Let me tell you about my first novel, Delan the Mislaid. It is a fantasy/science fiction fairy tale, therefore is occupying a liminal space between genres. It tells an ugly duckling story of a sexless, furry creature who has wound up in the wrong place and looks nothing like anyone else. Then Delan abruptly grows up and becomes a beautiful winged hermaphrodite. This story emerged from a dream during the year I turned 30 and was coming out as a lesbian. In the dream, I was making love to a woman, and at a crucial point my anatomy changed and I became a man. (A few months later, I dreamed that I lost my husband on the train and Deb took his seat. Needless to say, I soon divorced.) For me, hermaphrodism became a thematic code for shifting sexual preference. The hermaphroditic creatures could make love with anyone—for them there was no “opposite” sex.

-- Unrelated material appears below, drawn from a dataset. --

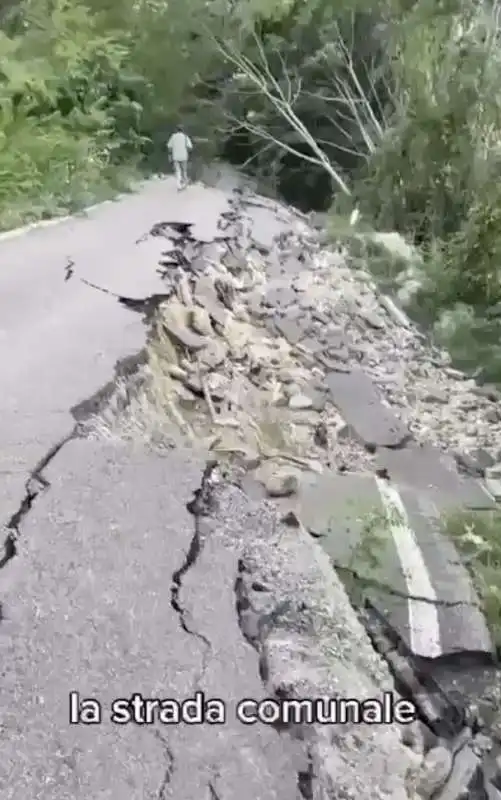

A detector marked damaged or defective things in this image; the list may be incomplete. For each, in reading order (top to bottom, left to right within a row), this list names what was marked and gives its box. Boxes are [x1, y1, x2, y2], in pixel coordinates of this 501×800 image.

cracked asphalt road [0, 440, 302, 796]
landslide damage [2, 183, 500, 800]
landslide damage [79, 183, 501, 800]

In the 1980s, the words “transgender” and “transexual” weren’t in my vocabulary, and may not have been in Donald Wollheim’s vocabulary either. He was a troubled man—that becomes clear in the documentary, when Betsy recounts his “unforgivable” treatment of her after she reached puberty. The sex-change story in Delan spoke to him, just as it spoke to a number of distressed young people who wrote to me after reading the book. Donald Wollheim’s letter of acceptance surprised me, and so did the letters from those young people. I had thought I was writing my story, but I had inadvertently written theirs.
Fragile Nonconformists
Humans are complicated, and I will never know how Donald A. Wollheim came to read my manuscript, but I think I know why he decided to publish it. The book would have felt like Casa Susanna to him—a liminal fantasy space in which a person who was floundering through sexual ambiguity could be a version of themselves that felt true. Now I identify as a lesbian, but in my late twentiesI also was floundering in sexual ambiguity. Heterosexuality was simple and well-defined. I chose complexity, and I’m glad. Also, I understand why and how a person might die, like the hermaphroditic creatures could die during their transformation if they lacked someone to take care of them.
Isolation kills. Rejection kills. Forced conformity kills. Therefore, I am horrified by what people are choosing to do to these most isolated, most fragile nonconformists in their midst: young people whose preferences or physical traits don’t match their assigned gender. They deserve to be cherished and celebrated. Lawmakers are putting their lives at risk by making it illegal to help and rescue them. Some of those children might die as a result, and I will know who to blame.